Breaking Down Marvel's Secret Wars: X-Men '92

In the weeks following the announcement of the Secret Wars mega-event at New York Comic-Con, [...]

In the weeks following the announcement of the Secret Wars mega-event at New York Comic-Con, Marvel release 15 teaser images for event comics. Perhaps more interesting was that most of those teasers were for events that have already happened.

Last week, we discovered what the teasers were all about. These were the worlds that would come together during the events of Secret Wars to form Battleworld, the battleground planet where the event will take place.

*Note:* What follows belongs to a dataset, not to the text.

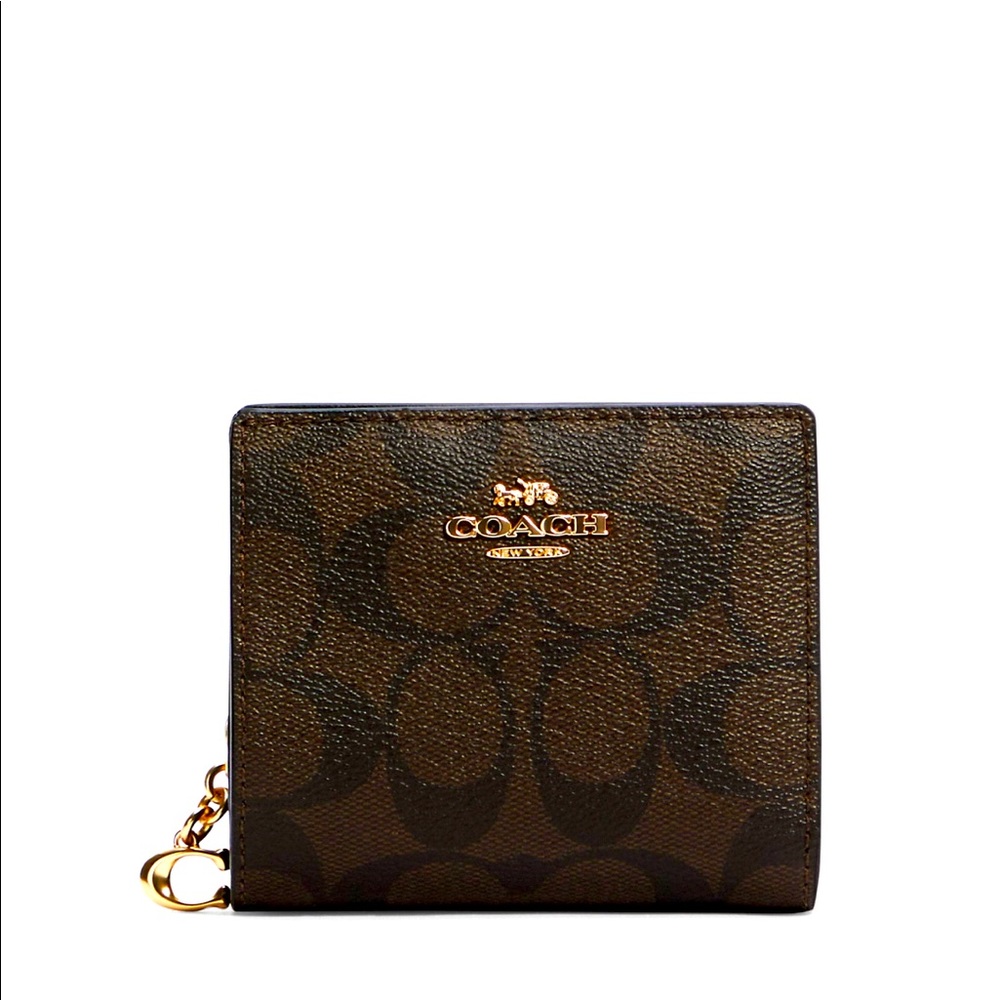 Authentic Coach Snap Wallet in Signature Canvas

To get you up to speed and excited for the events, we've prepared a series of articles breaking down the events that were teased so that you'll be ready to revisit them next summer. Today, we travel back a couple of decades for:

X-Men '92

What Was It? X-Men '92 is, presumably, a reference to X-Men: The Animated Series, the X-Men cartoon that debuted on Fox Kids in 1992. The series featured a modified version of the X-Men's blue team, dropping Psylocke for Storm and Jean Grey, and used them to tell adaptations of some of the best known and loved X-Men comic book stories, including The Dark Phoenix Saga and Days of Future Past.

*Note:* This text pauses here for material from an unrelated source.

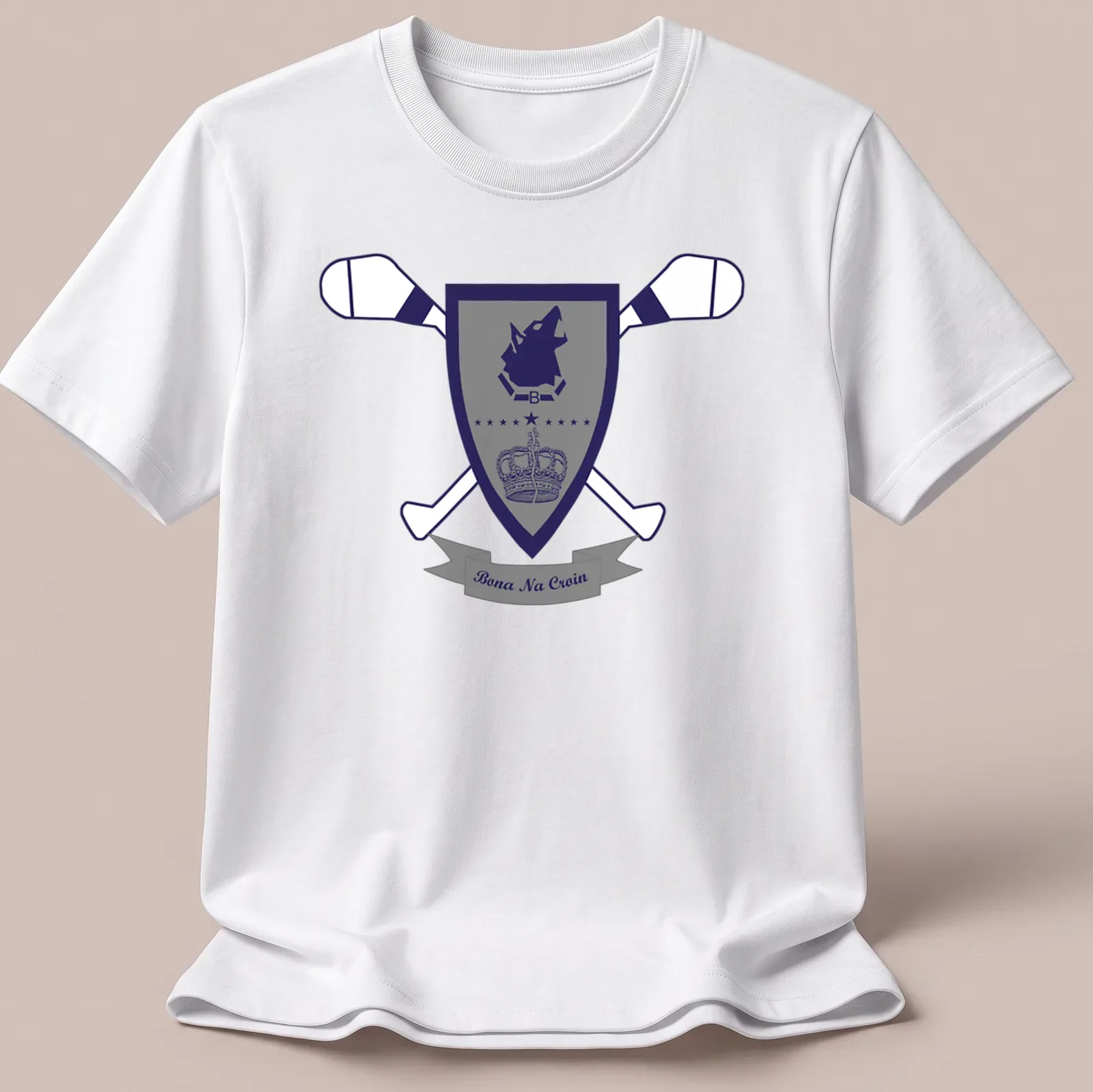 Emblematic design of a wolf with 'Bona Na Croin' text in navy and gray — printed on a unisex t-shirt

Was It Any Good? It was amazing, though it shows its age now. Actually, it kind of showed its age in the animation department from day open. About two months before X-Men: The Animated Series premiered, Fox also premiered Batman: The Animated Series, whose simple character designs and animation style would revolutionize the way western cartoons were made. X-Men: The Animated Series was too far along to pick up on that trend, and instead featured overly muscled characters, with more detail than the animators could really handle. It did the best it could, but it was among the last of dying breed.

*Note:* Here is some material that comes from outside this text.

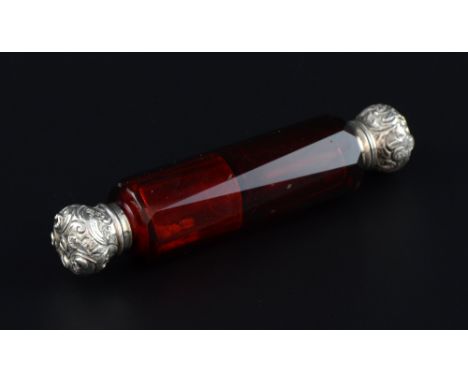 Double-ended cut ruby glass scent bottle with silver mounts, 12.5cm long,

That said, it more than made up for its animation with excellent storytelling, sacrificing none of the soap opera drama and complexities of the X-Men comics that inspired it. This is especially true of the show's earliest seasons, which engaged in long form storytelling not seen in animation at the time, using the first season to tell a complete Sentinel saga, and the second to tell The Dark Phoenix Saga.

Significant Deaths: Death is another thing that was not lost in translation from comics to animation. The two part pilot featured the "death" of Morph, a character created especially for the show. While it would eventually be revealed that Morph survived his unfortunate Sentinel encounter, the series does nothing to comfort young viewers when he's lost. Morph's death is the catalyst for Wolverine's entire character arc in the show's early days, and fuels the conflict between him and Cyclops as much as the love triangle between the two of them and Jean Grey.

Jean Grey is other major "death" from the series. In order to pull off The Dark Phoenix Saga right, Jean has to die, and so she does (though she doesn't commit suicide like she does in the comics). Unfortunately, the impact of this was lessened a bit by the network, who chose to air the episodes out of order. Following Jean's death, there was supposed to be an episode of Cyclops mourning for her, with Jean returning only in the episode's very last moments. Instead, Fox aired a later episode, with Jean Grey walking and talking as if the Phoenix Saga had never happened. Even more confusing was their decision to air the episode of mourning in the middle of a later season, with no explanation for why Jean was suddenly dead again. The episode is a great epilogue to The Dark Phoenix Saga if watched in the proper order, but makes no sense otherwise.

Lasting Consequences: Since it was a cartoon, the series didn't have any direct consequences for the Marvel Universe. However, it did bring the X-Men to a whole new generation of fans, and made the characters that made up the animated team – Cyclops, Jean, Wolverine, Gambit, Rogue, Storm, Jubilee, Beast, and Professor X – the X-Men for many fans.

The Teaser: The teaser is simply most of the team from the animated series assembled. I'm guessing that X-Men '92 will bring to world where the dream of the '90s is still alive (no, not Portand).

X-Men '92 #1 is set for release summer 2015. Secret Wars begins May 2015.